A voice clears, and I look up. Has five minutes passed already? Oh, well, it doesn’t matter. I don’t have that much stuff to pack up. Being a temporary employee, a contractor, means I’m used to going from one job to another so I travel light—especially for the first week or maybe even the first month or two. I shut down the company computer, grab my purse, water bottle, personalized coffee cup, and follow my escort through the double doors, out to the lobby, and out on the sidewalk.
I don’t even have a car so I can escape quickly, tamp down my humiliation, or scream and cry in the privacy of my own vehicle. Oh no, today I chose to take BART to work. Fremont is an hour BART ride and even longer by car, so, of course, I took BART.
She’s not that good. Those words reverberate inside my brain in time with my steps as I walk the two blocks to the light rail station. Maybe it wouldn’t be so bad if whatever it is I’m not that good at hadn’t been somebody else’s idea in the first place. Like, “You know, you’re really good at singing, so why don’t you try out for the school play?”
I would resist using the argument that having a good singing voice does not make one an actress. But they would eventually wear me down and convince me that auditioning for the school play is the only thing to do and that I’d be a shoe-in.
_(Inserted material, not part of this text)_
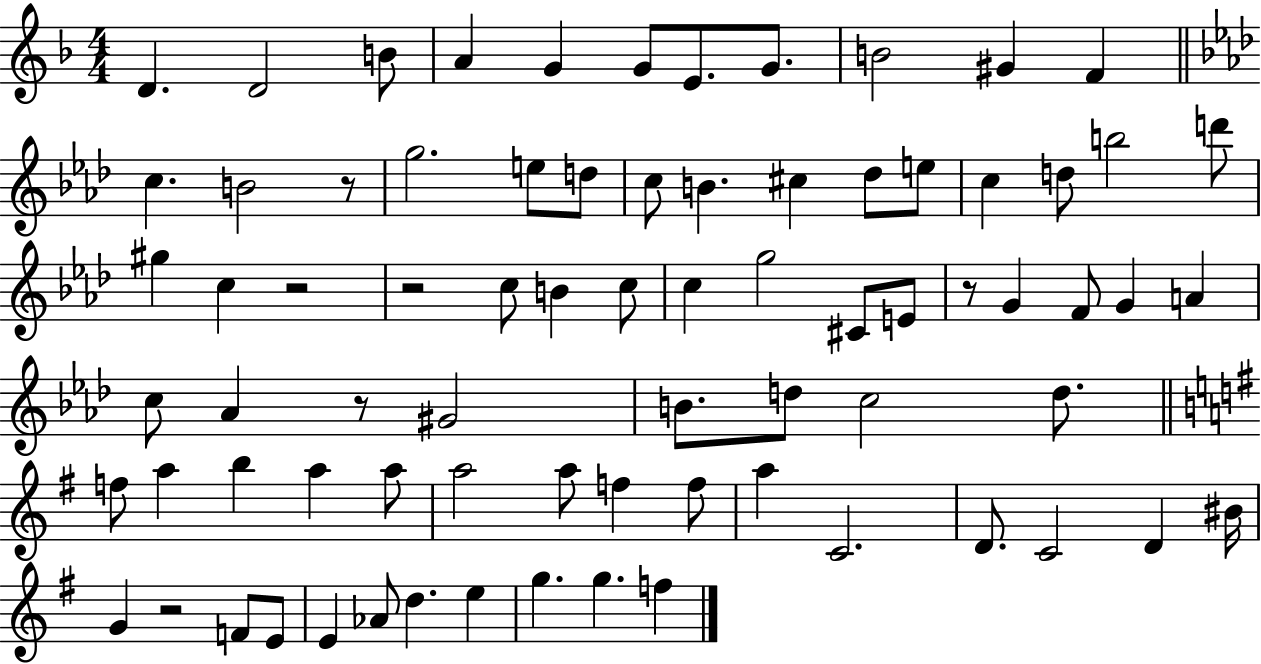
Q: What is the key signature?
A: F major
I’d rehearse for weeks and finally arrive for my audition, and there “they” would be, those same people who had practically twisted my arm to audition for their lousy play, huddling together, whispering, until finally their so-called whisper turned into a stage whisper, and nobody could help hearing them all say, as if in unison, “She’s not that good.”
I could have told you that. But that isn’t the worst thing that ever happened to me. No, much worse was when I went out with Little Tommy Tongue Twister, as we called him in elementary school. His name alone should have been enough to send me running for the hills. But a friend of a friend convinced me that Tommy was all grown up handsome now that we were all in high school, and had asked specifically that I come to a party he was having at his house while his parents were out-of-town. So, I went to Tommy’s party.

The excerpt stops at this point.